Scalable, Adaptive, and Resilient Autonomy (SARA)

Objective

Future Army forces will need to conduct cross-domain maneuver (CDM) and at times, operate semi-independently, disbursed, and while communications and infrastructure such as GPS are disrupted or denied. Robotics and Autonomous Systems (RAS) will play a key role in expanding the operational reach, situational awareness, and effectiveness of maneuver forces in CDM.

The U.S. Army Combat Capabilities Development Command (DEVCOM) Army Research Laboratory (ARL) is focused on developing fundamental understanding and informing the art-of-the-possible for warfighter concepts through research to greatly improve air and ground based autonomous vehicle perception, learning, reasoning, communication, navigation, and physical capabilities to augment and increase the freedom of maneuver in complex and contested environments.

The Scalable, Adaptive, and Resilient Autonomy (SARA) program is focused on developing and experimentally accelerating emerging research in autonomous mobility and maneuverability, scalable heterogeneous and collaborative behaviors, and human agent teaming to realize adaptive and resilient Intelligent Systems that can reason about the environment, work in distributed and collaborative heterogeneous teams, and make op-tempo decisions to enable Autonomous Maneuver in complex and contested environments.

Contact Information

ARL Collaborative Alliance Manager:
Eric Spero
Office: 410-278-8743
Mobile: 240-687-7334
eric.spero.civ@mail.mil

Important Documents

Important Dates

  • Opportunity released 15 January 2019
  • Opportunity Webinar 24 January 2020
  • Deadline for Questions on Funding Opportunity 31 January 2020
  • Proposals due for Cycle 1 14 February 2020
  • Cycle 1 Awards April 2020 (Expected)

SARA Cycle 1: Information and Updates: The SARA program will consist of a series of technology sprint topics executed in annual program cycles. Each topic will be focused on addressing a different scientific area within the scope of the broad research aims of the SARA program. Each topic will be carefully chosen based on both program achievements from the previous year, on scientific and technological advancements by the broader research community, and in a way to systematically converge on the specific long-term SARA program goals. The SARA Cycle 1 Technology Sprint Topic is “Off-Road Autonomous Maneuver.” Within “Off-Road Autonomous Maneuver,” there are three sub-topic areas of interest as described below.

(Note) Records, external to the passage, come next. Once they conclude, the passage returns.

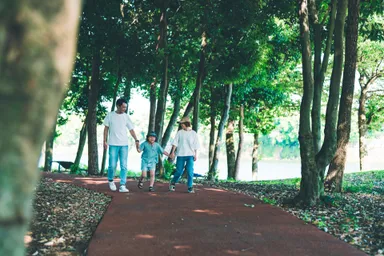森の遊歩道でお散歩タイム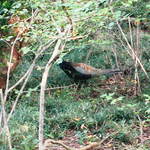 山小屋　佐藤 - 野生の雉（１）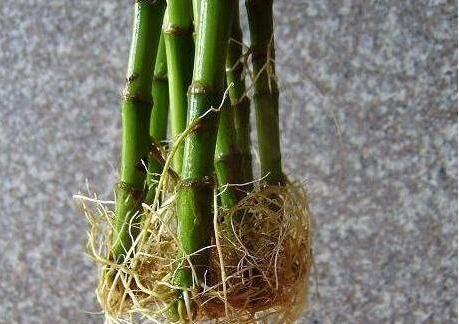 富贵竹往里面加一些药片，它就会迅速地生长，能快速涨到1米以上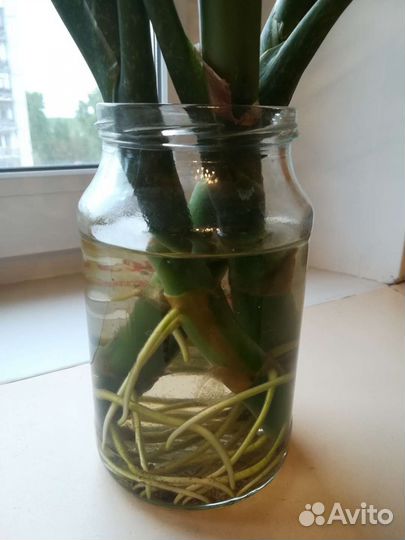 Диффенбахия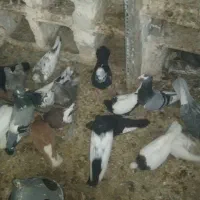 ۲۵عدد کبوتر رنگی،ملاقی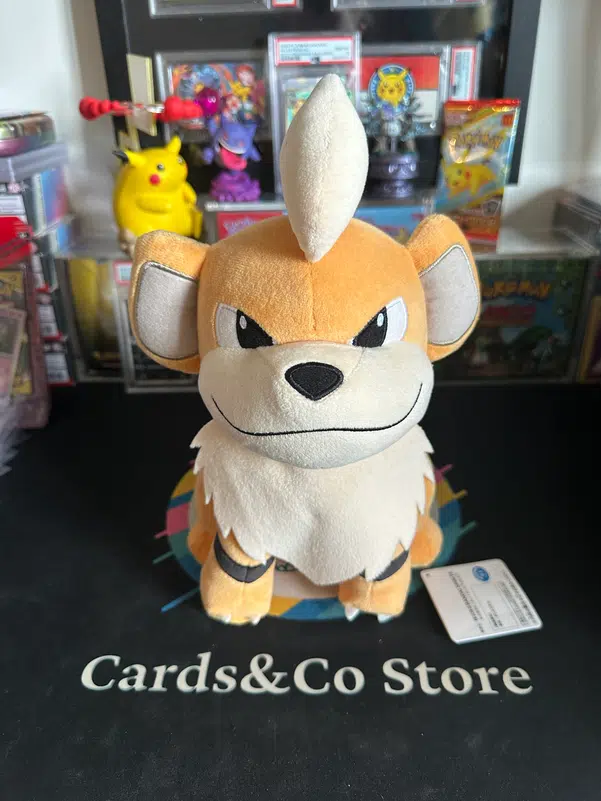 ImageUpload|12932982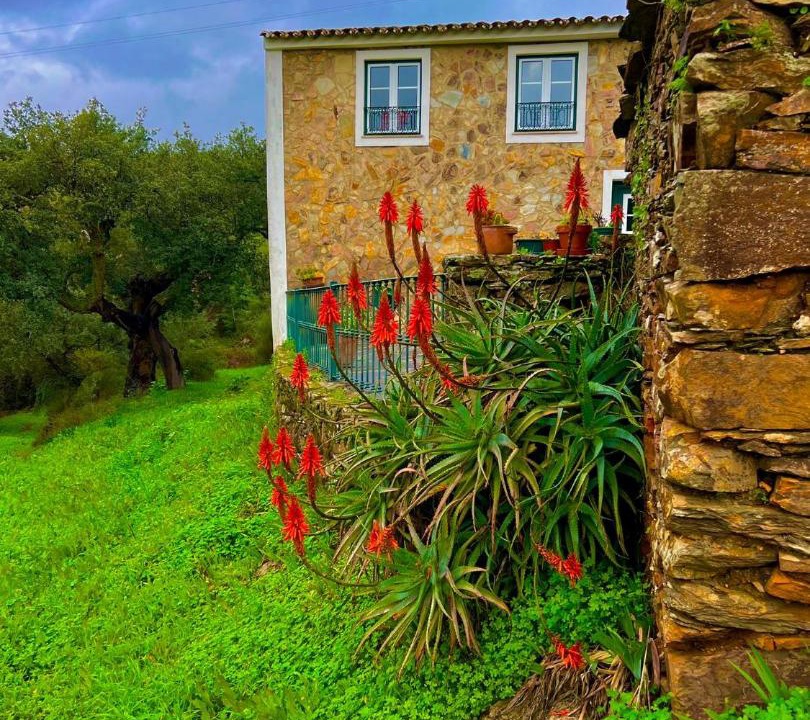 Photo of Others in Portalegre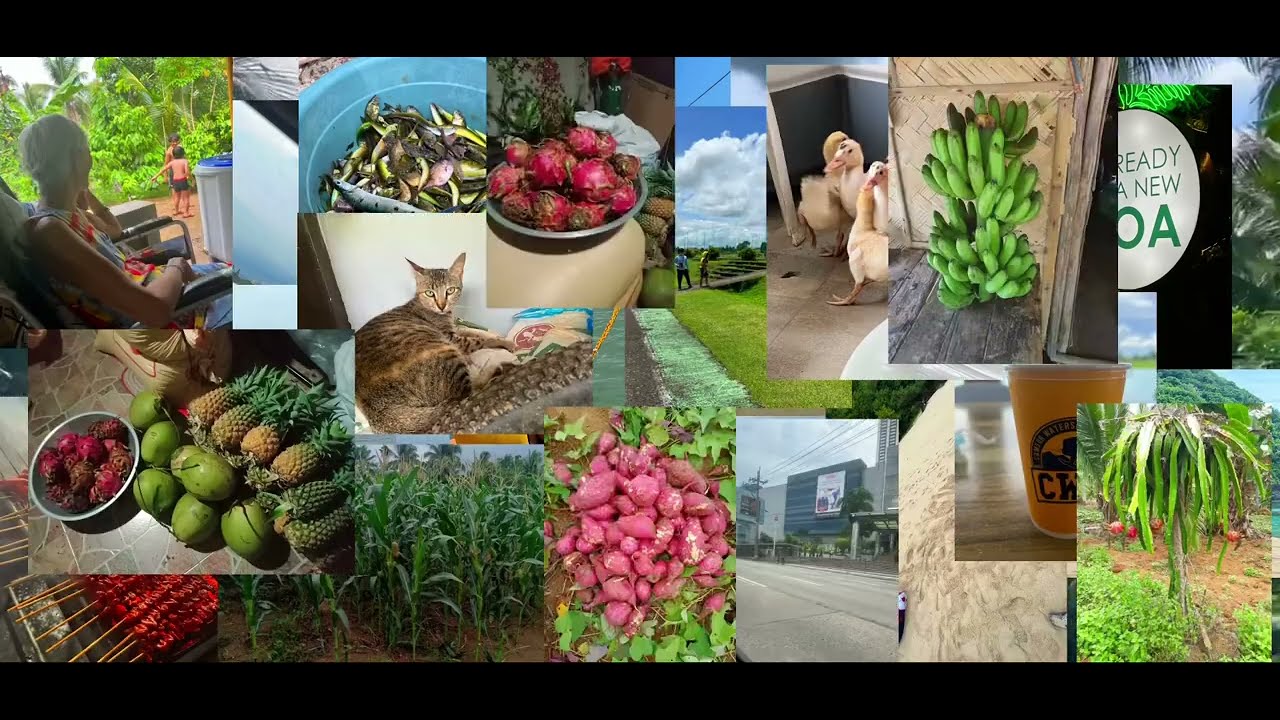 Philippines, the Beauty Through My Eyes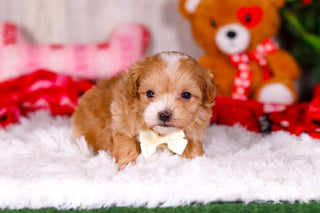 Smokey - Available 2/11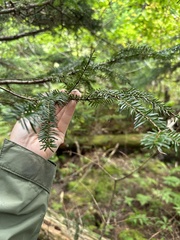 Abies balsamea image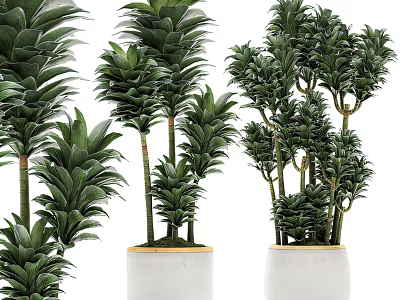 Various Types of Bonsai Potted Plants with Lush Green Foliage in White Planters 3d model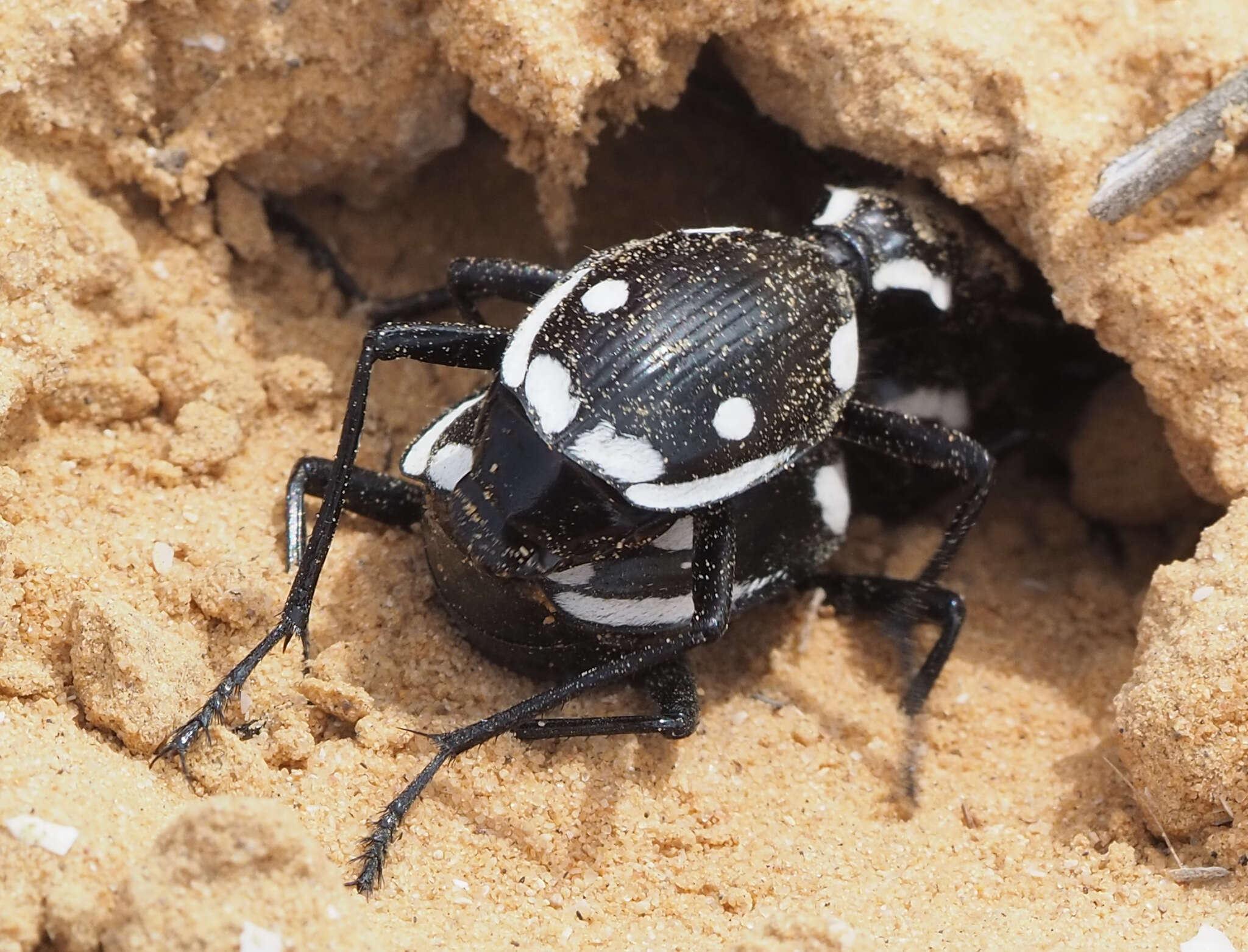 Image of Anthia (Termophilum) sexmaculata (Fabricius 1787)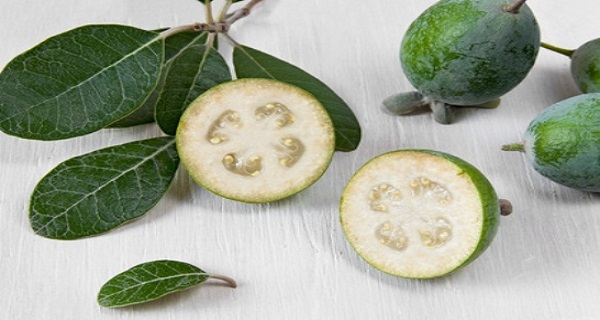 Use-Guava-Leaves-to-Beat-Wrinkles-Acne-Dark-spots-and-Skin-Allergies
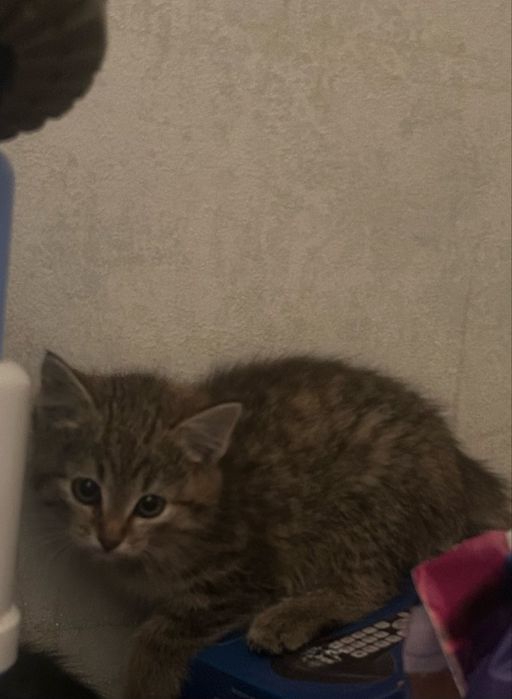 Отдам котят бесплатно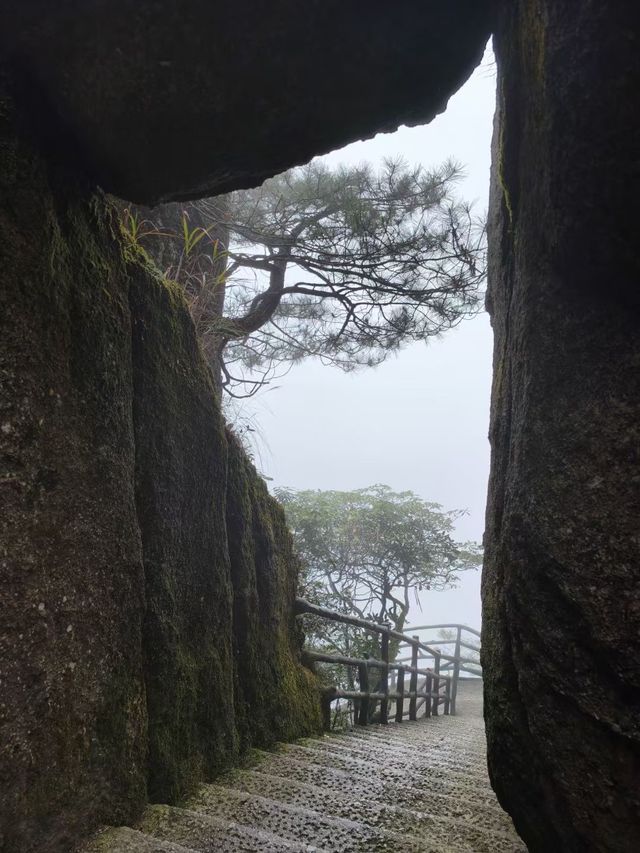 江西風景獨好：吉安·羊獅慕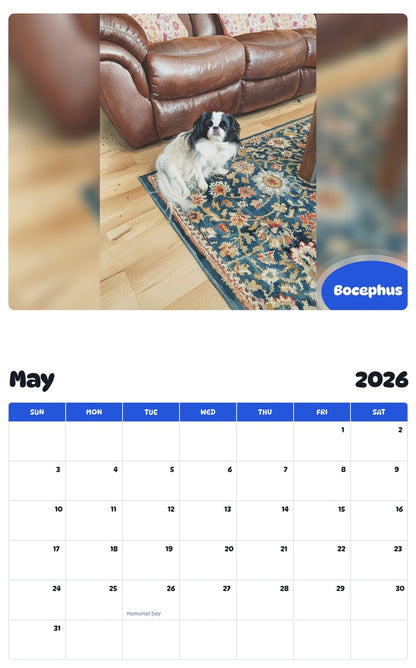 2026 - 2027 Bocephus - Pawidols Pet Calendar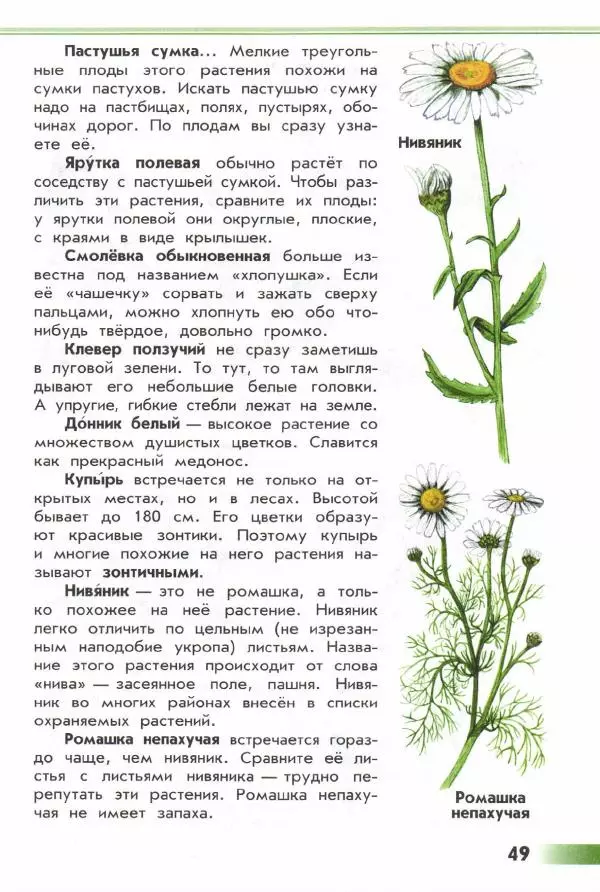 Андрей Плешаков - От земли до неба. Атлас-определитель - Страница № 51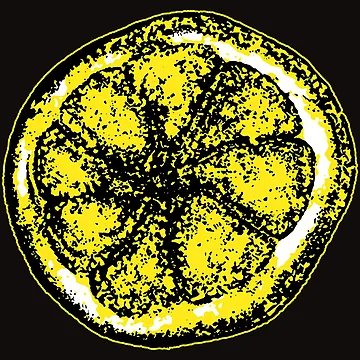 Artwork thumbnail, Stone Roses Merch The Stone Roses Lemon Ringer by Lost Youth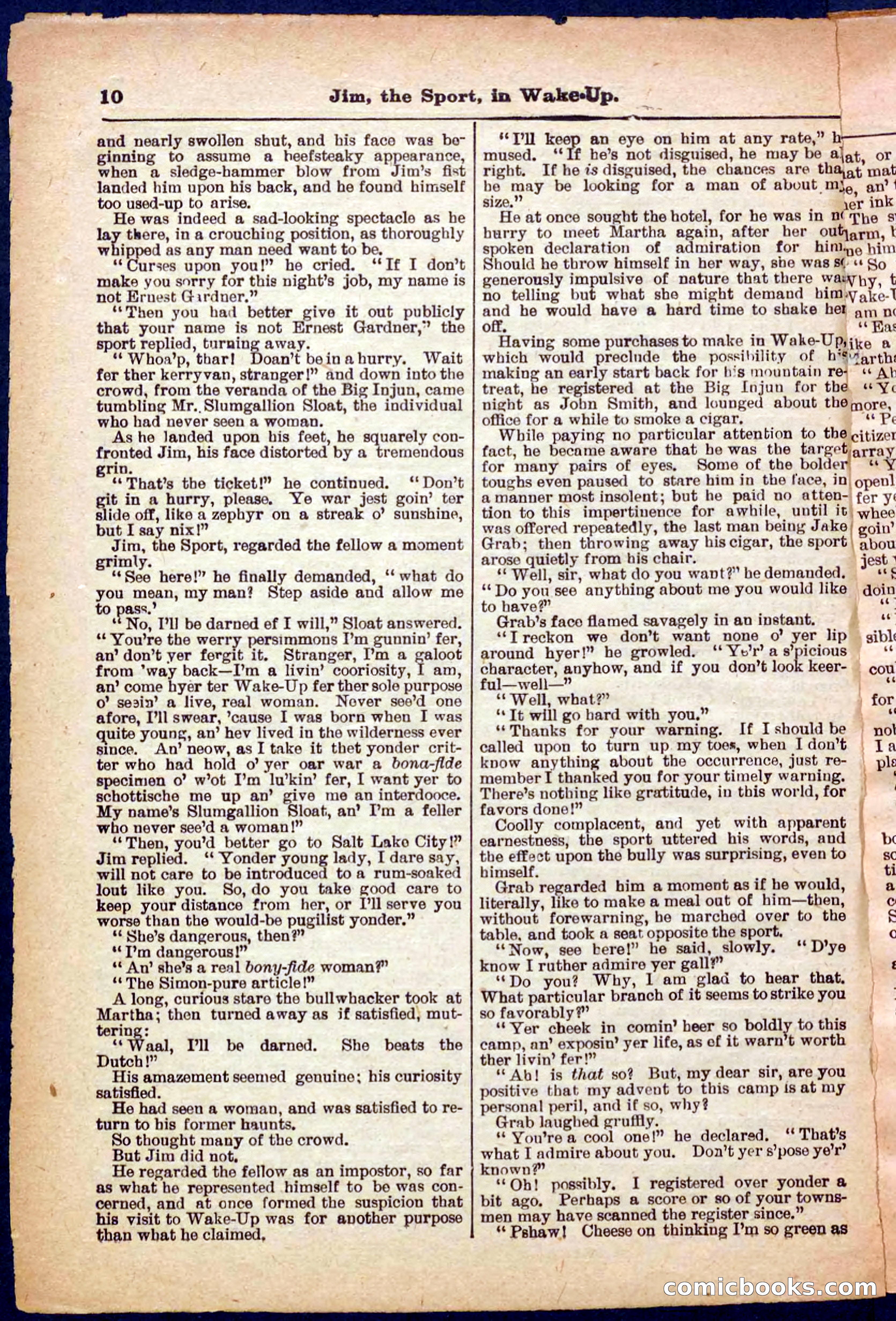Beadle's Pocket Library No. 368 — page 10 of 32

Sub-topic #1: Off-road autonomous “GROUND” maneuver:  Army RAS will need to operate in environments much more complex, unstructured, and with less infrastructure than what is currently being developed for commercial applications such as driverless cars. Future Army autonomous ground systems such as the Robotic Combat Vehicle will need to traverse complex off-road environments with limited previous knowledge of the environment, human interventions, or external supporting infrastructure. In order to demonstrate the necessary robustness to unknowns and resiliency in complex environments, significant advancements in algorithms for autonomous navigation in perception, learning, reasoning, decision making, and adaptive planning will be required. Sprint sub-topic area #1 is focused on how to increase the operational tempo and mobility of autonomous ground systems to traverse increasingly complex off-road environments.

Sub-topic #2: Autonomous “AERIAL” maneuver through off-road environments: Future ground autonomous vehicles will not operate in isolation, they will be teamed with other ground robotics, small and large unmanned aerial systems, and with dismounted and mounted Soldiers.  Sub-topic area #2 begins to explore how to increase the operational tempo and mobility of aerial autonomous systems to navigate increasingly complex off-road environments such as forest roads, along field edges, and above, through, and under canopy forested environments in order to support ground platforms and dismounted Soldiers. Addressing this sub-topic area will require significant advancements in algorithms for autonomous navigation in perception, learning, reasoning, decision making, and adaptive planning to succeed. UAS may carry a diversity of computers, sensors, radios, and other payloads. Hardware designs may implement possibly well-known methods but particular consideration must be given to the low size, weight, and power requirements concomitant with small unmanned aerial systems. Sprint sub-topic area #2 is focused on how to increase the operational tempo and mobility of autonomous aerial systems to traverse increasingly complex off-road forested environments.

Sub-topic #3: Large scale heterogeneous autonomous systems experimentation: Software infrastructure to orchestrate and manage large-scale air-ground collaborative experiments. Even single agent experiments increasingly employ highly complex software systems requiring management of execution, runtime monitoring, configuration, and version-control and validation of emergency stop functionality and other safety measures. Replicating these complexities across large-scale multi-agent experiments, including concerns such as vehicle deployment and battery management, only compounds the challenge and deters reproducible experiments.